It is commonly thought, as supported by the rules on the separation of powers, that the Mexican Judiciary has the exclusive responsibility to apply the law and resolve legal disputes. Such position holds that the Judiciary’s duties must be distanced from politics to prevent conflicts between and among the three branches of government. Notwithstanding these precepts, the consolidation of Mexico’s Supreme Court of Justice as a constitutional court has put the Supreme Court in the national spotlight as an arbiter on important political matters.
The Supreme Court has the authority to resolve conflicts not only as to the constitutionality of general laws, but also the power to review matters arising from the actions of federal, state and municipal authorities, including those of independent constitutional bodies. The resolution of these types of conflicts invariably involves politics.

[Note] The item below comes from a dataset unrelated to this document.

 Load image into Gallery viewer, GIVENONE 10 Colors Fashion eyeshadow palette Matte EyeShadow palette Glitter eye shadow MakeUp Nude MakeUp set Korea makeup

Recently, a PAN political party congresswoman and former president of the lower Chamber of Deputies, filed a constitutional lawsuit opposing a presidential Decree, based on a prior constitutional amendment, which provides that members of the Armed Forces and Navy may legally conduct public safety activities that were previously reserved to the exclusive jurisdiction of the civil police force.
Prior to that case, the Supreme Court agreed to preside over a constitutional lawsuit opposing Mexico’s proposed electricity reform, which favors the Federal Electricity Commission over the interests of private parties and foreign entities. Such lawsuit was filed by the Federal Antitrust Commission, the independent constitutional agency responsible for regulating antitrust practices in Mexico. Both cases demonstrate the relevance of the Mexican Supreme Court of Justice, whose authority as a constitutional court allows parties a forum to present a legal defense against political powers, including even against the president of the country. Such cases demonstrate the maturity and democratization of the Mexico’s political system.